Frack leases on state lands yield $18M; none from production
CHARLESTON, W.Va. – West Virginia has brought in $18 million by leasing the right to drill for oil and natural gas deep below state wildlife management areas and waterways, including beneath the Ohio River.
But as natural gas prices stay low, no companies with the state leases have begun extracting gas, as far as state Department of Commerce officials know. As a result, officials say they have received up-front checks, but no royalties from the unearthing of resources from the deep shale deposits, a process generally known as hydraulic fracturing, or fracking.

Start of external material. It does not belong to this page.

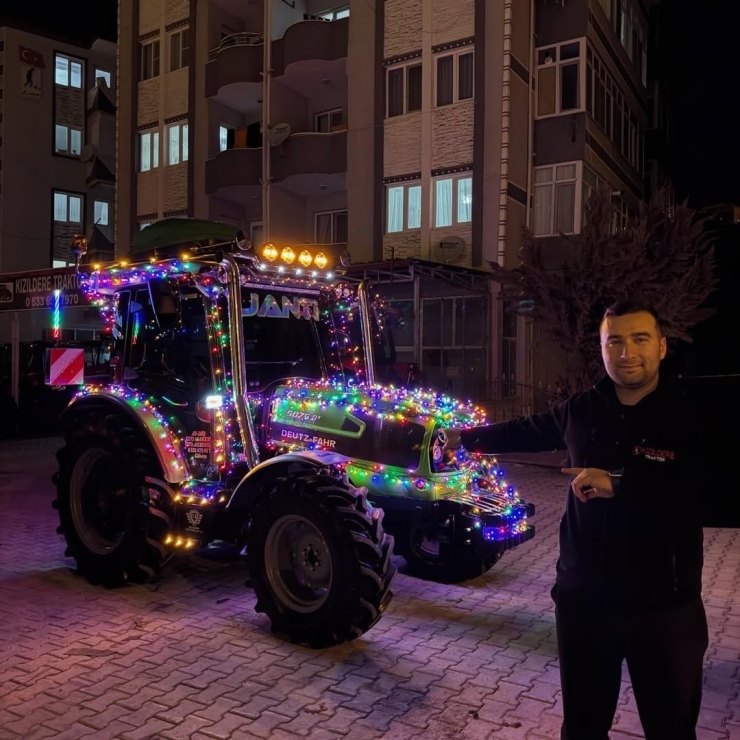 Led Işıklı Traktör Dikkat Çekti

The department first put horizontal drilling opportunities out to bid in the fall of 2014 and has since struck leases in the northern counties of Marshall, Tyler and Wetzel. They include parts of wildlife management areas at Conaway Run Lake, The Jug, Underwood, Burches Run Lake and Lewis Wetzel; Fish Creek and Middle Island Creek; and a few miles of the Ohio River.
Given the uncertainty about natural gas prices, West Virginia Commerce Secretary Keith Burdette said the state is treating the leases as one-time cash that will bolster the parks system and wildlife programs, hopefully creating more revenue sources through the improvements.
Under state and federal requirements, about $5.4 million has to be doled out to state Division of Natural Resources projects, and $12.6 million must go back into wildlife management.
Burdette said the state plans to spend a few million dollars to renovate 34 cabins, including adding heat and air conditioning to some cabins that aren’t currently year-round rentals. Officials also will add 10 picnic shelters across the park system and upgrade some campground sites with electric hookups, bigger parking areas and water and wastewater system repairs. Burdette said a spray park designed for toddlers is also in the plans, likely at Chief Logan State Park.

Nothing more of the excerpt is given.